The Committee has now asked Roche for an updated cost effectiveness analysis of Tarceva compared with Iressa with different progression-free survival and utility assumptions. Further sensitivity analyses on the cost of Tarceva changes depending on how many patients are able to continue taking the drug and Iressa after 60 days of treatment – the point at which the NHS currently has to start paying for Iressa under its agreed Patient Access Scheme – are also required.

“When it was asked to consider Tarceva, our independent advisory committee concluded that it did not have enough information to be able to make the decision to recommend or not recommend it for routine use in the NHS as an alternative to gefitinib,” said Sir Andrew. “It has therefore asked the manufacturer provide further analyses.

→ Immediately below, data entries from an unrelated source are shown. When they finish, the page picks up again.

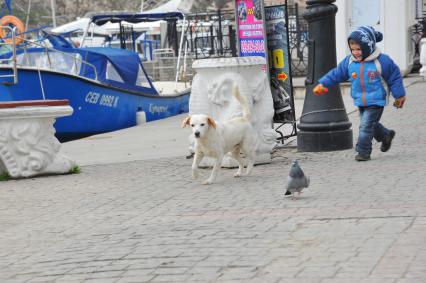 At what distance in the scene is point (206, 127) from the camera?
9195 millimetres

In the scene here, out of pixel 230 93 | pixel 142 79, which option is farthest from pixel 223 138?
pixel 142 79

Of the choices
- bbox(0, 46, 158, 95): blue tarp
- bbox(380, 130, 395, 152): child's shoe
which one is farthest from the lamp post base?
bbox(0, 46, 158, 95): blue tarp

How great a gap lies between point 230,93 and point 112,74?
31.8 feet

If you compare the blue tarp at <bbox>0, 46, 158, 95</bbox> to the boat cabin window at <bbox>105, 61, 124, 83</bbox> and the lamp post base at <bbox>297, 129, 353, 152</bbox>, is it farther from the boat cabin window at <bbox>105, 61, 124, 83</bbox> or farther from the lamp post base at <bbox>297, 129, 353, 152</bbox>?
the lamp post base at <bbox>297, 129, 353, 152</bbox>

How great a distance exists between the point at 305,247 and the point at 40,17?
90.7 metres

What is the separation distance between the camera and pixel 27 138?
10805mm

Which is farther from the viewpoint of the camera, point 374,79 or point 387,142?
point 387,142

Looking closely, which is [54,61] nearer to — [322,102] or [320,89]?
[322,102]

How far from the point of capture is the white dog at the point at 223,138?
9211 mm

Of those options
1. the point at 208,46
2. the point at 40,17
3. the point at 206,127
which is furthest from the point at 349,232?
Result: the point at 40,17

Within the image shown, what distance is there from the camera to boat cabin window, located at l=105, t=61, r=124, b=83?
65.0ft

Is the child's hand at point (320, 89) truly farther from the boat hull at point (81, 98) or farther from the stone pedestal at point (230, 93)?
the boat hull at point (81, 98)

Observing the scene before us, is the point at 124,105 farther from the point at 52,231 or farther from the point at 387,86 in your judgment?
the point at 52,231

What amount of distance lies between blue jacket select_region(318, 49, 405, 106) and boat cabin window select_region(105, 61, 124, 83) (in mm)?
10278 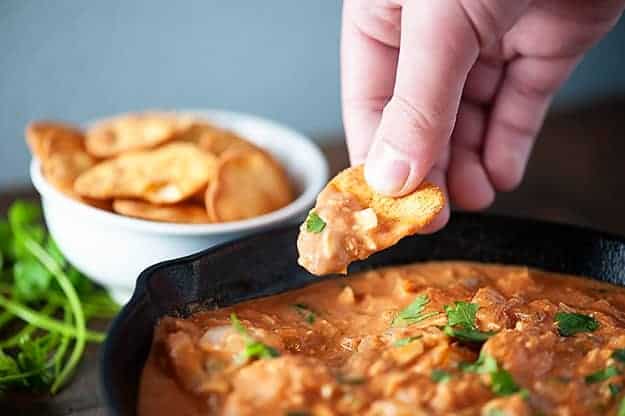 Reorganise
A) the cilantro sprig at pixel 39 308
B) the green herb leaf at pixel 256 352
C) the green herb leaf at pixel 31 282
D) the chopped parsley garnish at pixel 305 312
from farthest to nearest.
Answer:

We hope that Roche will be able to provide this additional information so that the Committee can consider it at its next meeting on the topic.”

The SMC recently approved the use of Tarceva as a first-line treatment for NSCLC. Lung cancer, after breast cancer, is the second most common cancer in England and Wales, with an estimated 40,800 newly diagnosed cases each year.

NICE has requested further information from Allergan on the use of Botox (botulinum toxin type A) to prevent headaches in adults with chronic migraines after failing to recommend its use in draft guidance.

The Institute’s Appraisal Committee does not believe the evidence supplied is sufficient for it to develop guidance after queries were raised over its cost effectiveness compared to existing treatments.

Professor Carole Longson, Director of the Health Technology Evaluation Centre at NICE, says further information is required to develop “sound advice” to the health service.

The guidance analysed whether Botox should be considered as a treatment option for those who experience headaches associated with chronic migraine, and whose condition has not improved after at least three previous preventative treatments.

A chronic migraine, which is believed to affect 1.6% of adults, is defined as having a headache for at least 15 days a month over a period of three months, of which eight of the days are with a migraine.

Evidence demonstrated in clinical trials showed that Botox does have some benefit. But the amount of benefit proved to be small and the results were confounded by a large placebo effect, NICE found. This was due to people realising during clinical trials that they were receiving the injection due to its widely-recognised side effects, such as muscle paralysis. Concerns were also raised by the Committee into the long-term effectiveness of Botox.

NICE has now requested additional data on the injection’s cost effectiveness and asked Allergan to revise its economic modelling and analyses to clarity uncertainties over certain inputs and assumptions made in its cost model.

“Without this additional evidence, potentially we will be unable to advise the NHS that this drug is good value for money for these adults because there are currently too many uncertainties,” said Professor Longson.

The deadline for consultations on the draft guidance is 8 March 2012. Final guidance is expected in June 2012.